Originally published as a trial over on Medium…
Another of Josh Cook’s posts that got me thinking was Convertible Notes will be the death of us all. The issues that Josh calls out are definitely ones that I’ve run into, the confusion over how the notes convert and what the hell a cap actually means are the most common issues I’ve run into with convertible notes. I’ve been thinking a lot about this and have been reviewing the new YC SAFE concept as well as the concept of convertible equity to see if there are any better alternatives for investors and founders. Ultimately the goals should be aligned for the investment to be a good one and at times this can be problematic as I mentioned before. Regardless of the investment vehicle, convertible debt, convertible equity, SAFE, warrants, revenue based financing, common stock, etc. the investors and the founders are really boiling down their negotiation down to a few key terms that are embodied in any of the vehicles. The motivation behind the terms on the founder and investor side depend heavily on whether the investor is coming in as just the money or if they are coming in as money and partnership.
- What percentage of the company is being exchanged
- What is the timeline for the ownership and investments
- What value will the investors add to the company
- What control is being exchanged
- How will this investment be treated in relation to the next investment
- How much capital is being invested in relation to all of the above
There aren’t many more terms than these and thinking through all of the vehicles, there does not appear to truly be one that is inherently more favorable to founders or more favorable to investors.
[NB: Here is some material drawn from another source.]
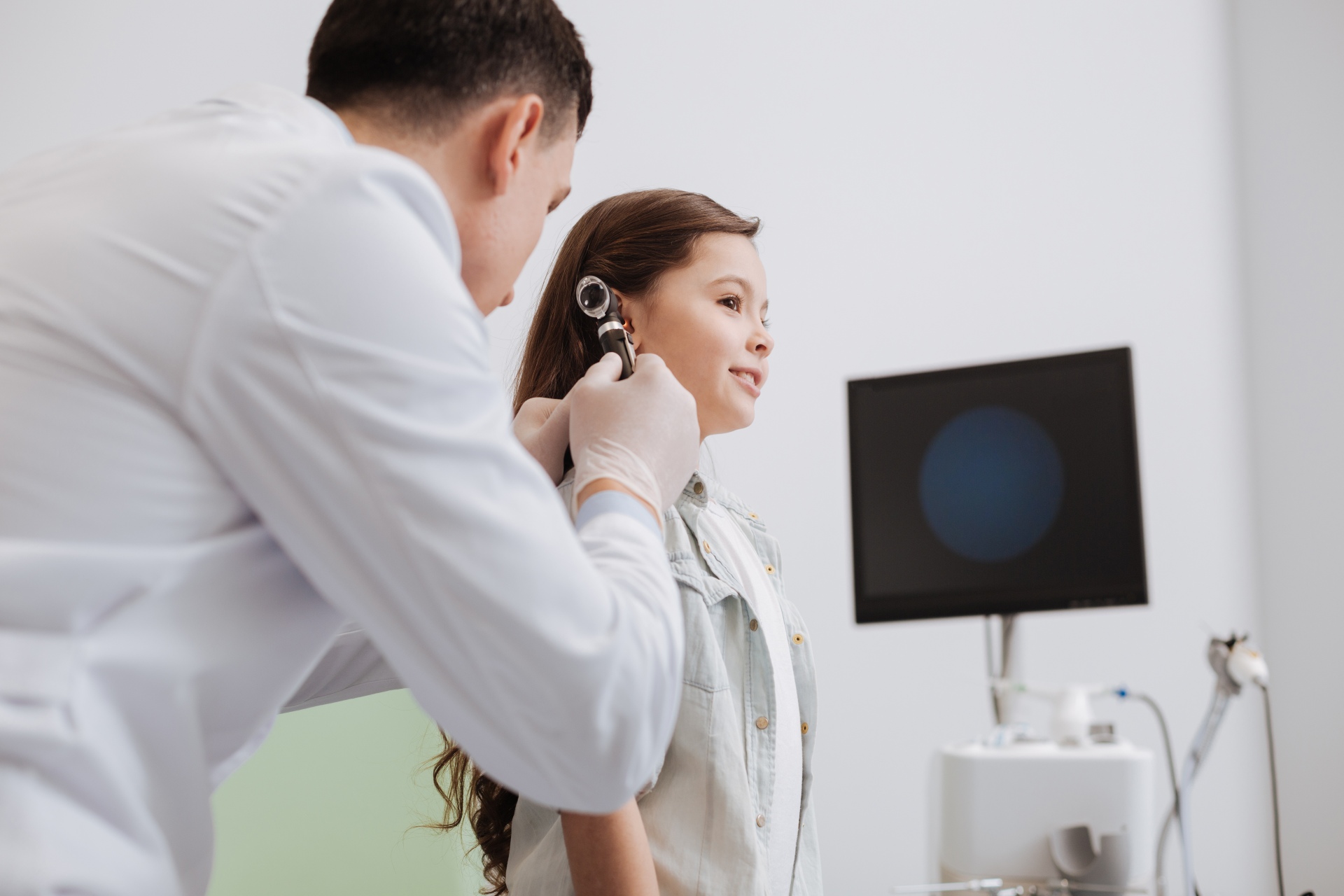 Médico revisando el oído de una paciente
Paul Graham will say the new YC SAFE vehicle is the best (then again he said that about their convertible note). The reason he is saying that though is because of the terms in the SAFE agreement – a convertible note could have similar terms and be just as easy to use. The problem is that the terms inside of these vehicles are difficult to interpret for founders and early stage investors (unless the investor happens to be a lawyer). This is why so much content has flooded the internet trying to explain what the hell a convertible note is, what a cap is, what valuation truly means for a company, and if any of these things actually matter. At the end of the day, the six points above are really all that matter. I suggest you start with those six things and agree in principle on those before you worry about the next step. Some people like to use the same vehicle every time as it reduces the overhead of getting up to speed and drafting something brand new. You should still agree on the six terms ahead of opening your vehicle of choice and filling in the blanks.